• **To do**: Line by line, output everything from the one that contains "Vacation home with" through the end of the material below, exactly as written and with no pictures.

• **Dataset content**:
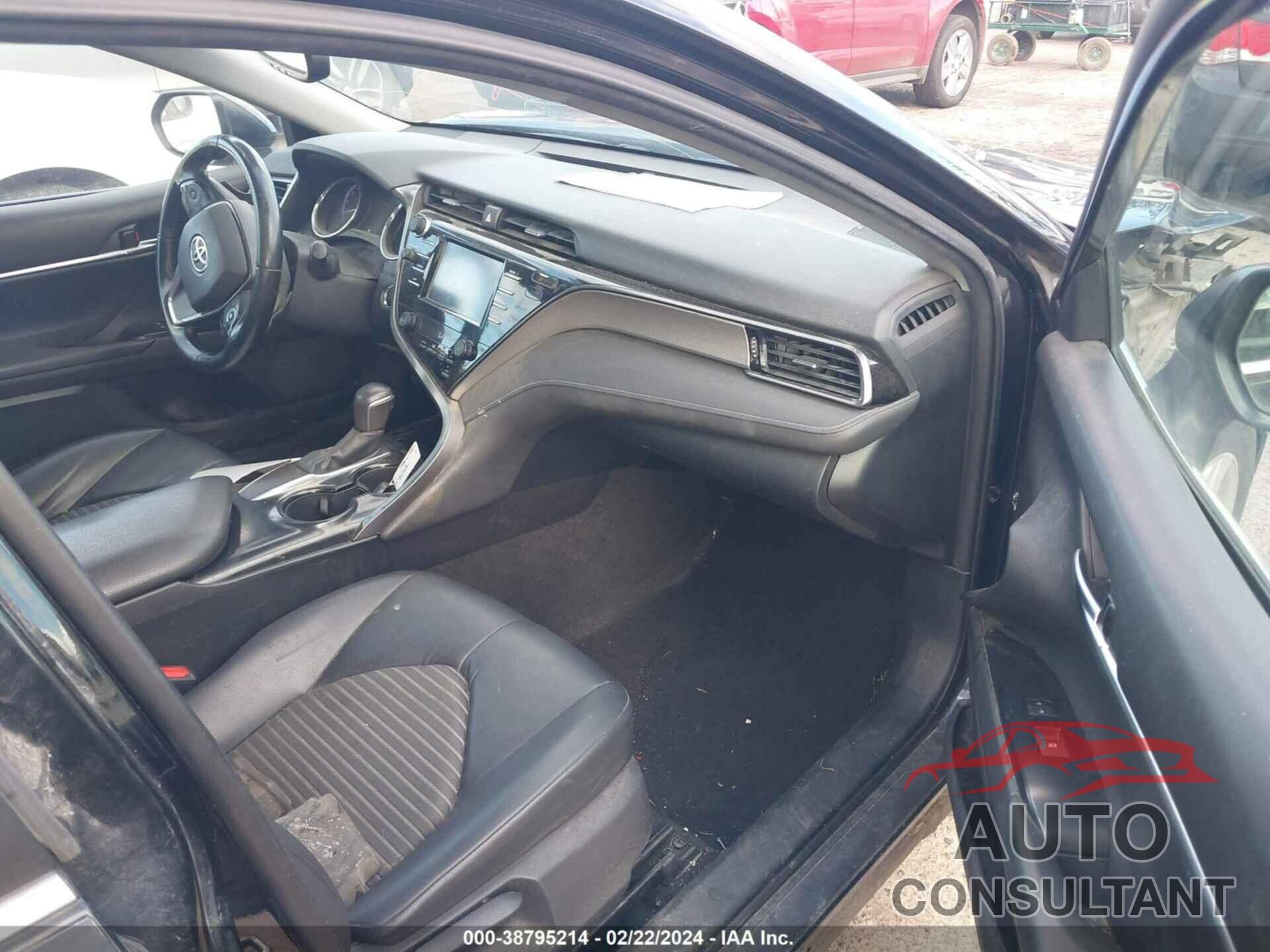 TOYOTA CAMRY 2019 - 4T1B11HK8KU749539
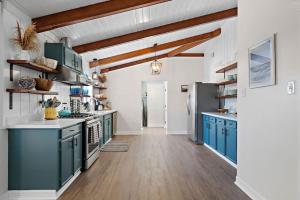 Vacation home with private pool and game room, minutes from the beach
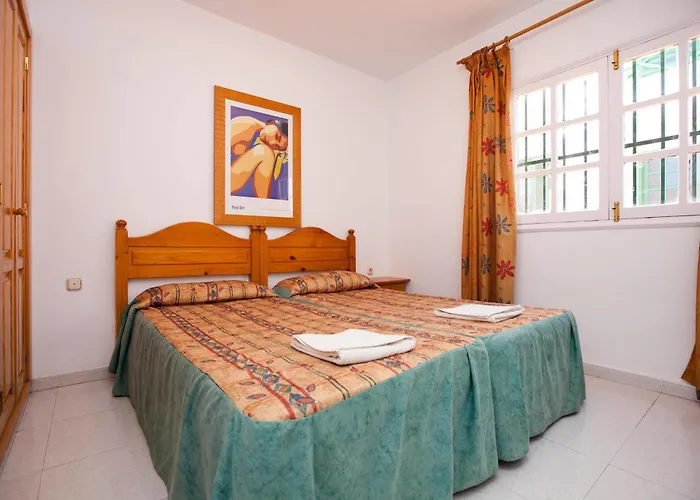 Aparthotel Rocas Blancas 4*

• **Expected answer**:
 Vacation home with private pool and game room, minutes from the beach
 Aparthotel Rocas Blancas 4*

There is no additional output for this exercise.